Efficient Bayesian Uncertainty Estimation for nnU-Net
This work addresses the need for reliable uncertainty measures in large-scale medical image segmentation, where failures can go unnoticed, though it is incremental as it builds on the established nnU-Net framework.
The authors tackled the problem of nnU-Net lacking uncertainty estimation in medical image segmentation by introducing a novel Bayesian method for posterior sampling, which improved uncertainty estimation on cardiac MRI datasets like ACDC and M&M while boosting segmentation accuracy.

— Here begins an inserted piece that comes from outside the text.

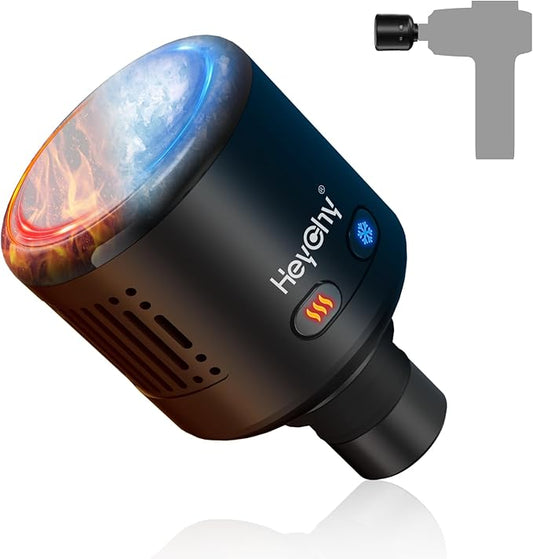 Massage Gun Head with Heat and Cold,Relief Muscle Pain Massage Gun Accessories,Deep Tissue Sports and Fitness Massager Heads,Rechargeable Massager Head,2025 Gifts for Man&Women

The self-configuring nnU-Net has achieved leading performance in a large range of medical image segmentation challenges. It is widely considered as the model of choice and a strong baseline for medical image segmentation. However, despite its extraordinary performance, nnU-Net does not supply a measure of uncertainty to indicate its possible failure. This can be problematic for large-scale image segmentation applications, where data are heterogeneous and nnU-Net may fail without notice. In this work, we introduce a novel method to estimate nnU-Net uncertainty for medical image segmentation. We propose a highly effective scheme for posterior sampling of weight space for Bayesian uncertainty estimation. Different from previous baseline methods such as Monte Carlo Dropout and mean-field Bayesian Neural Networks, our proposed method does not require a variational architecture and keeps the original nnU-Net architecture intact, thereby preserving its excellent performance and ease of use. Additionally, we boost the segmentation performance over the original nnU-Net via marginalizing multi-modal posterior models. We applied our method on the public ACDC and M&M datasets of cardiac MRI and demonstrated improved uncertainty estimation over a range of baseline methods. The proposed method further strengthens nnU-Net for medical image segmentation in terms of both segmentation accuracy and quality control.